With their sixth album,the surging success of Mandolin Orange
feels as inevitable as it is well-deserved.
By Bryan C. Reed / Photos by Kendall Bailey
On February 1st, Mandolin Orange celebrated the release of its sixth album, Tides Of A Teardrop, in front of a sold-out audience at the 2,700-capacity Durham Performing Arts Center. From there, the band—led by Andrew Marlin and Emily Frantz—kicked off a string of sold-out shows up and down the East Coast.
By any measure, the Chapel Hill–bred duo is one of the regional music scene’s greatest success stories, with a steady ascendance that echoes the “one-fan-at-a-time” ethos that brought Concord’s Avett brothers to national stardom.

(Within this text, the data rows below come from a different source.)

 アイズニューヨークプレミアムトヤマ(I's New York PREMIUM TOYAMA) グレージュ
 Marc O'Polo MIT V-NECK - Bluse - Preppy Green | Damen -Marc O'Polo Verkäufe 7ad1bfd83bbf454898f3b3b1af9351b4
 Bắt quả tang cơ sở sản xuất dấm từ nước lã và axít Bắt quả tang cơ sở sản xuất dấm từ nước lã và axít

And, like the Avett Brothers, Mandolin Orange has carved a niche for itself within the broad Americana genre, fusing traditions of folk, bluegrass, and classic country with carefully crafted songwriting that muses on daily struggles and also tackles bigger, more philosophical issues—often within the same song.

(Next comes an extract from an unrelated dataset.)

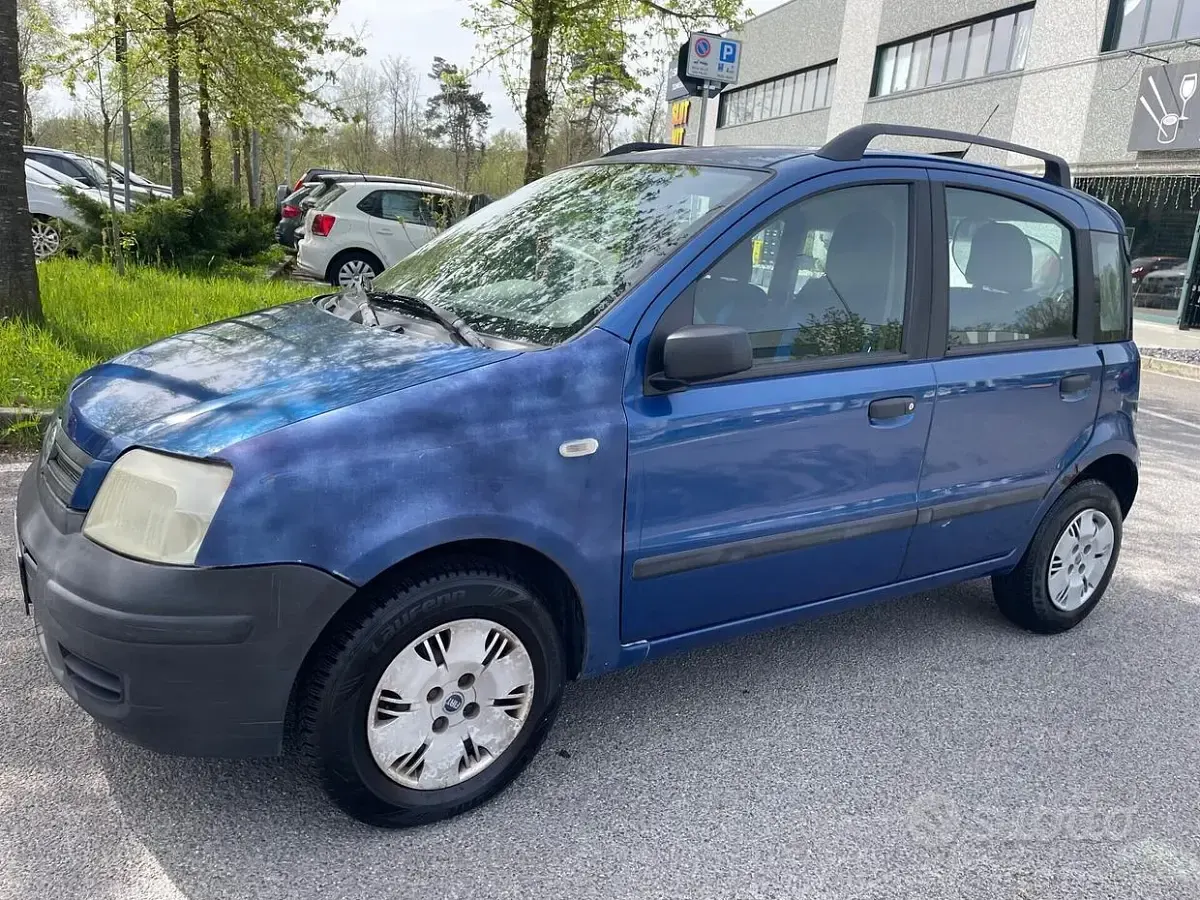 Usata Fiat Panda 69 CV (50 kW) 2006 Bluazzurro Utilitaria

Take, for instance, Tides of a Teardrop’s lead single, “Time We Made Time.” Here, against plaintive guitar chords and a weeping fiddle, Marlin’s pleading tenor offers a bit of simple profundity in the song’s chorus. “It’s time we made time just for talkin’,” he sings. “It’s time we made time to heal.” The song’s climax reaches a smoldering crescendo with avant-jazz percussion adding more texture than pulse to the swell of the song.

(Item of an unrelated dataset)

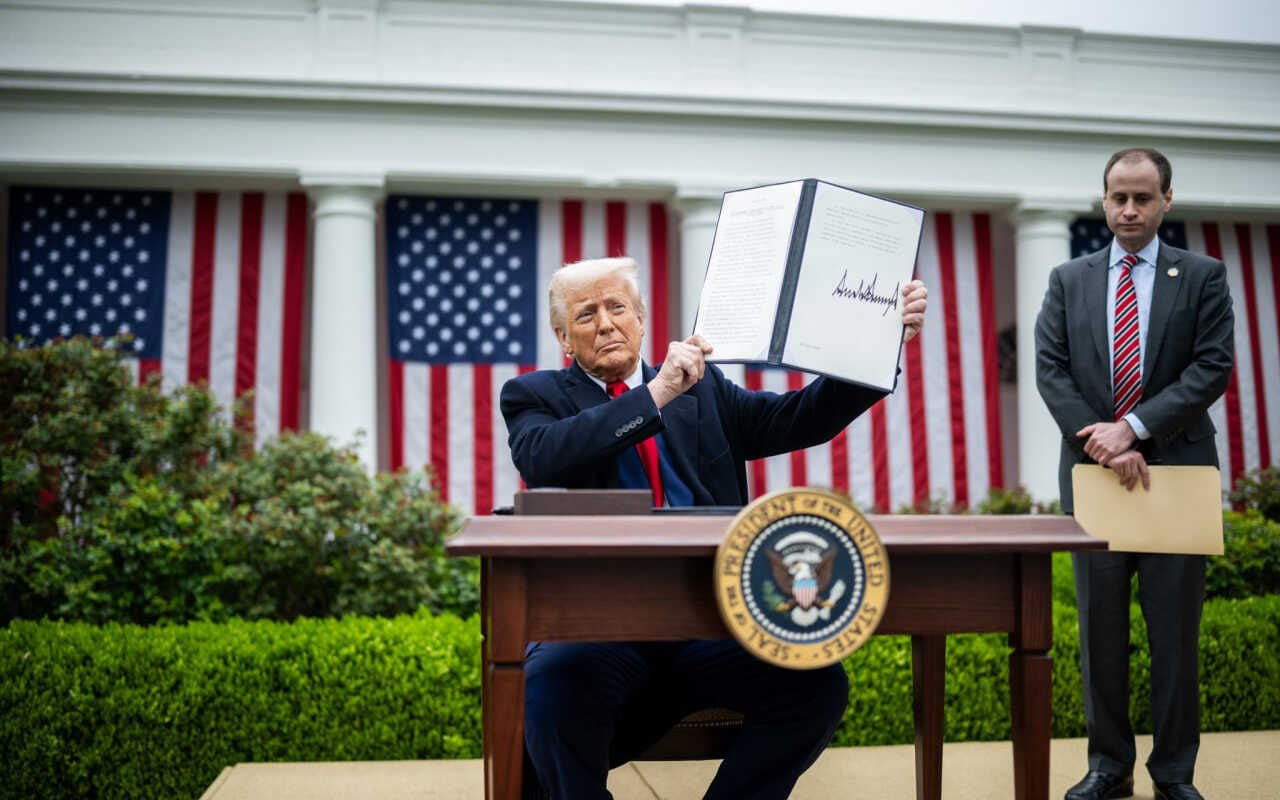 Торговая война США и Китая: Трамп делает первый шаг к примирению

Indeed, as much as Mandolin Orange embraces the traditional music that inspires their own, they’ve never been beholden to orthodoxy of any stripe. Marlin and Frantz met in 2009 at a bluegrass jam session in Carrboro, hit it off, and started a band. And as their band blossomed, growing from a low-key acoustic duo into a growing concern on local, regional, and national stages, their sound grew as well. Still, they never sacrificed the understated and easygoing nature of their earliest efforts together.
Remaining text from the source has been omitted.